◆ Input records ◆
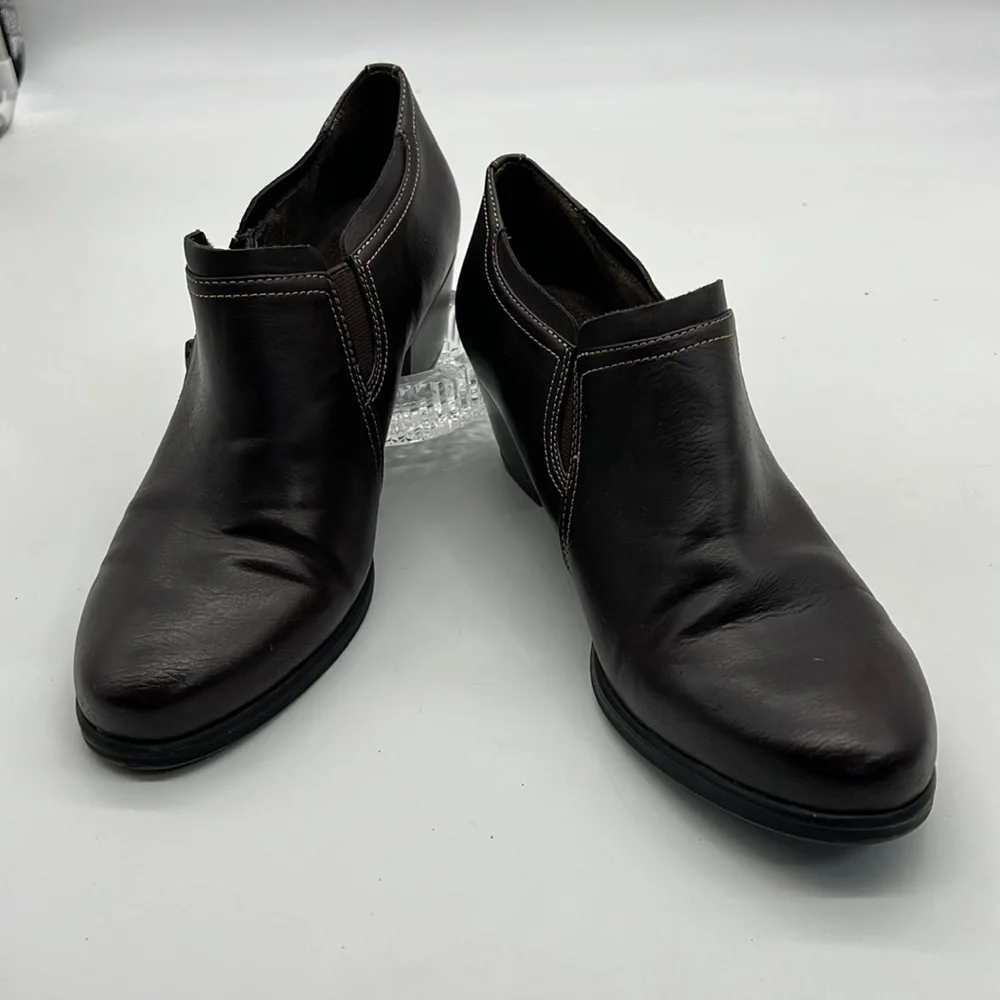 Natural Soul Brown Leather Ankle Booties size  10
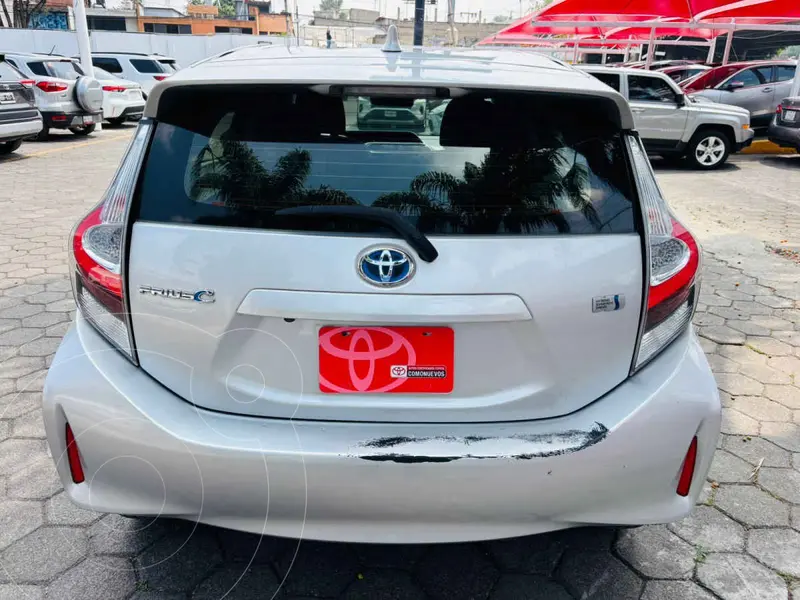 toyota prius-c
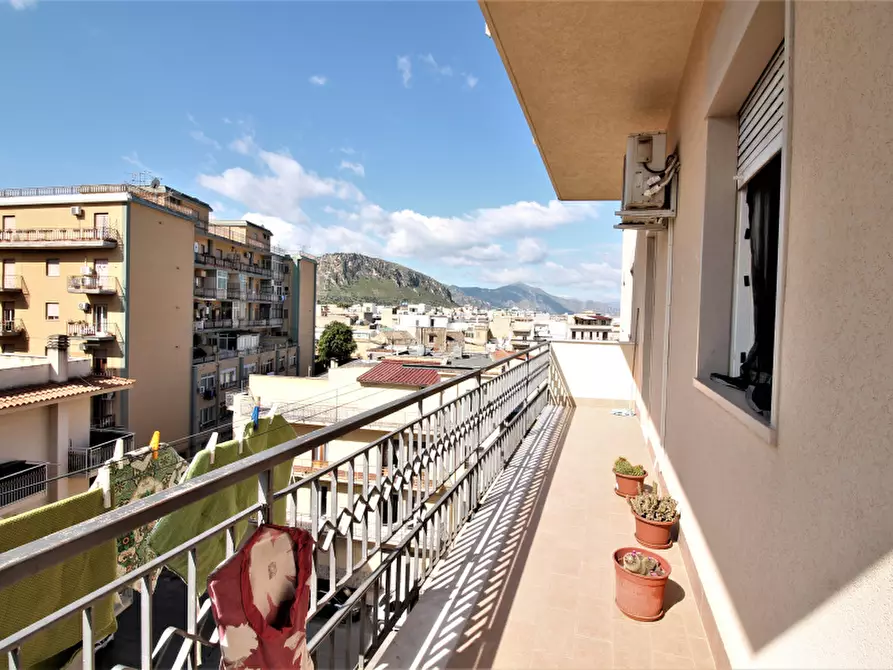 Immagine 16 di Appartamento in vendita  in Via La Masa a Bagheria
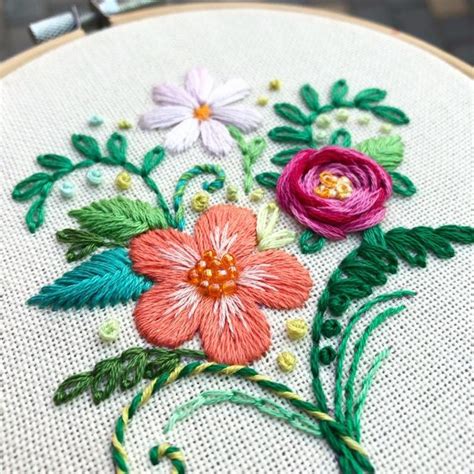 Modern Hand Embroidery Designs Flowers Hibrida Designs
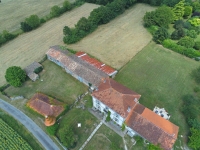 Magnifique Maison de Maître sur plus d'un Hectare de Terrain et avec de Belles Dépendances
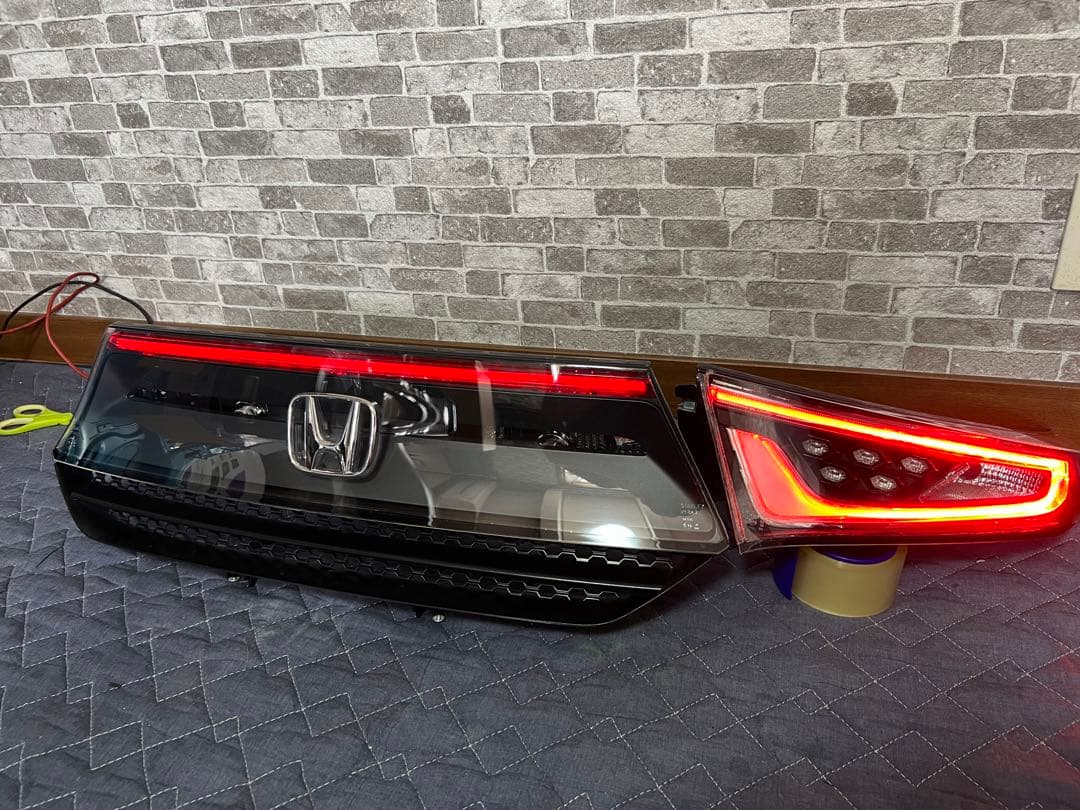 S660リアセンターガーニッシュ　テール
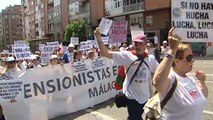 Miles de personas llegadan de toda España marchan en Madrid contra la precariedad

◆ Work item ◆
Exactly repeat the data above; the pictures do not belong in your copy.

◆ Task response ◆
 Natural Soul Brown Leather Ankle Booties size  10
 toyota prius-c
 Immagine 16 di Appartamento in vendita  in Via La Masa a Bagheria
 Modern Hand Embroidery Designs Flowers Hibrida Designs
 Magnifique Maison de Maître sur plus d'un Hectare de Terrain et avec de Belles Dépendances
 S660リアセンターガーニッシュ　テール
 Miles de personas llegadan de toda España marchan en Madrid contra la precariedad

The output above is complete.